Now, either said reporters are not getting out of the house enough, or we are missing something here. If one stands back just a little bit from the bar, what it looks like to us is that until this year, the guy we thought was running the Treasury spent most of his time watching the dollar collapse while telling anybody who would listen that we had a strong-dollar policy.
You can argue that that's not an entirely fair charge, as anybody who runs the department is pretty much precluded from saying that they don't care about a strong dollar, regardless of what their boss thinks (or in this particular case, didn't think). Well then, in the interests of fair play and our belief in not shooting the fish in the barrel, we're willing to put that one aside. For now.
But the guy that we thought was running the Treasury this year has also presided over the disappearance of three of the country's oldest and largest investment banks, probably the largest credit freeze since the Great Depression, and what may well turn out to be the most severe recession since that same depression.
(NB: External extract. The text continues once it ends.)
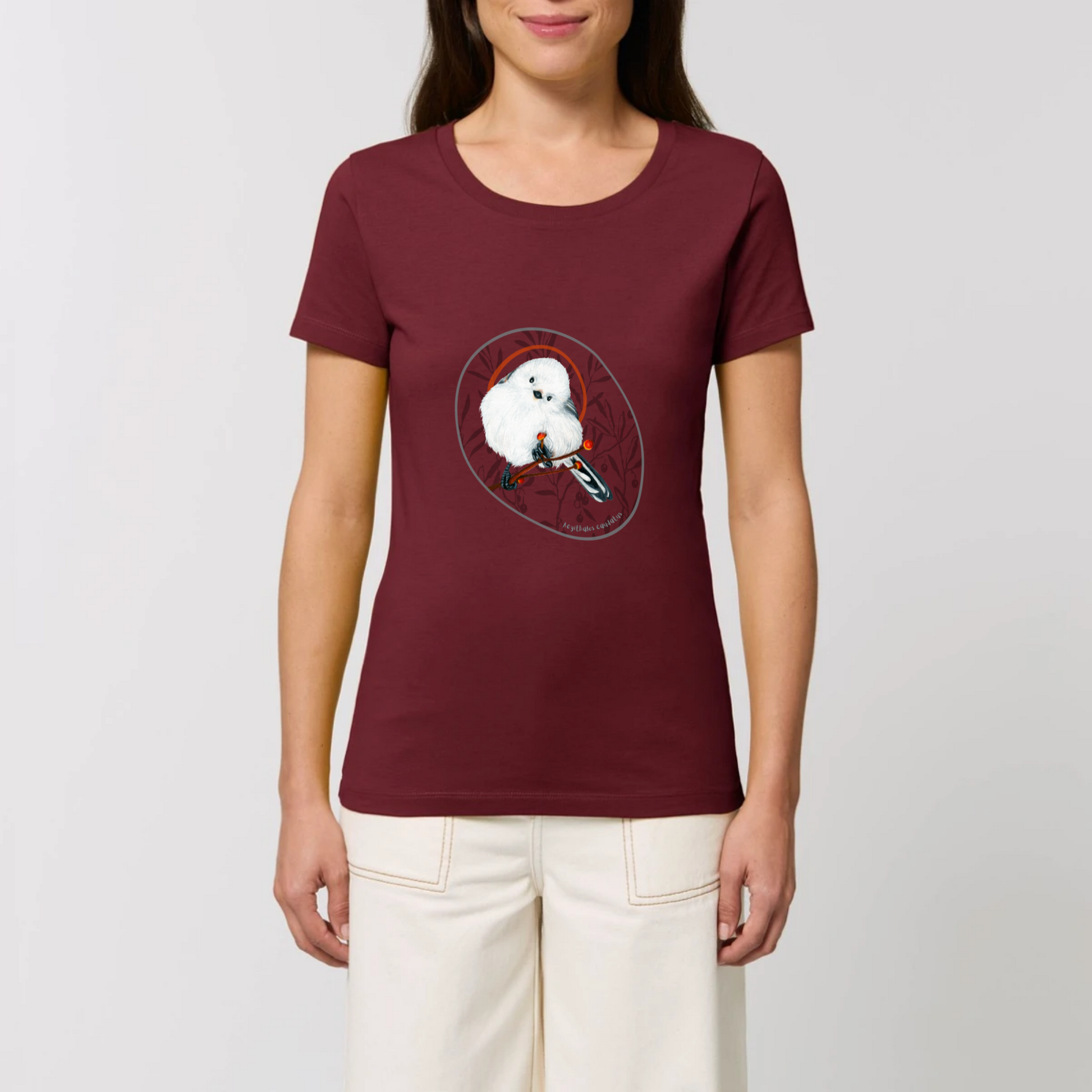 T-shirt coton bio femme | graphisme oiseau mésange à longue queue | Bordeaux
Did we mention that the two largest investment banks were also forced to abandon their investment bank status, or that our domestic auto industry is hanging on by the thinnest of threads?
But wait, it gets better. You know the Troubled Asset Relief Plan, which goes about town under the name of TARP? What started out as a three-page memo with no details has apparently become a somewhat longer memo with no details. None, at any rate, with a shelf life of more than one week. Some of the TARP's actions may yet stand up to the test of time, but we have to say that in terms of implementation, this is not one to put at the top of the old resume. No B-school case-study team would dare turn in such a lemon.
Paulson made it to the top of the Goldman heap, no mean accomplishment, and we've no doubt that one of his fellow alums will find him a comfortable resting spot. Good thing, too, because if the TARP implementation was on our particular curriculum vitae, we'd probably find it hard to get a job washing dishes in the Congressional cafeteria. But it's still a mystery to us why these reporters seem to so sincerely believe that anybody from the incoming administration is going to give him even a nano-second's consideration for the job. Are we just not in on the joke, or haven't they been outside recently?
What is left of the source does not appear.